WHAT YOU WILL DO.
Your task is to return exactly the lines that run from the one containing "NRPS Castrone 14" through the end of the listing below, without any pictures.

### DATASET SECTION ###

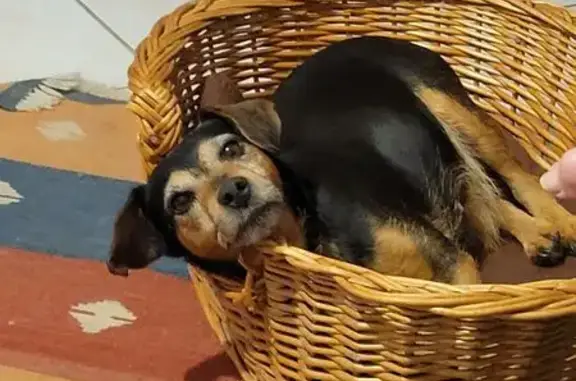 Chien trouvé Locmiquélic, photo: Chienne trouvée à Locmiquélic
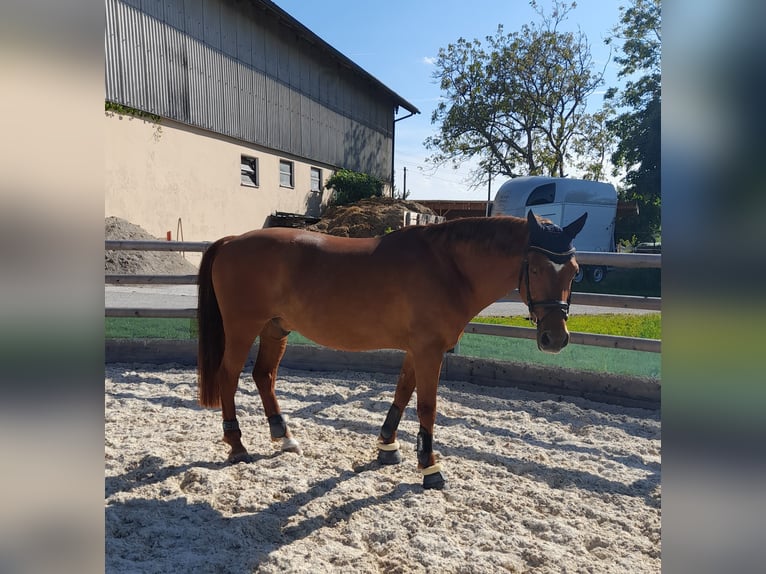 NRPS Castrone 14 Anni 150 cm Sauro scuro in Traunstein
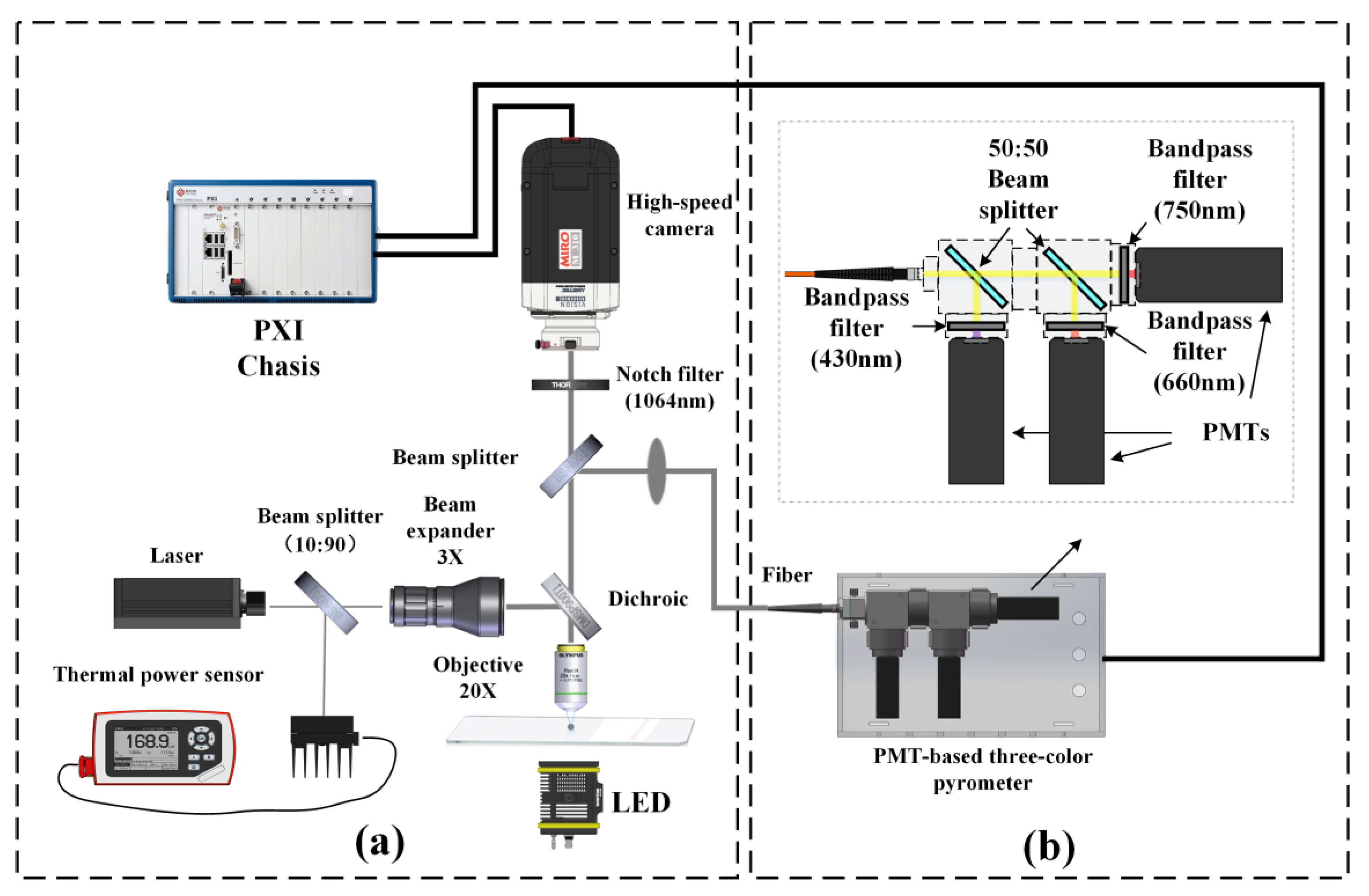 Nanomaterials 15 00223 g001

###

TASK RESULT.
 NRPS Castrone 14 Anni 150 cm Sauro scuro in Traunstein
 Nanomaterials 15 00223 g001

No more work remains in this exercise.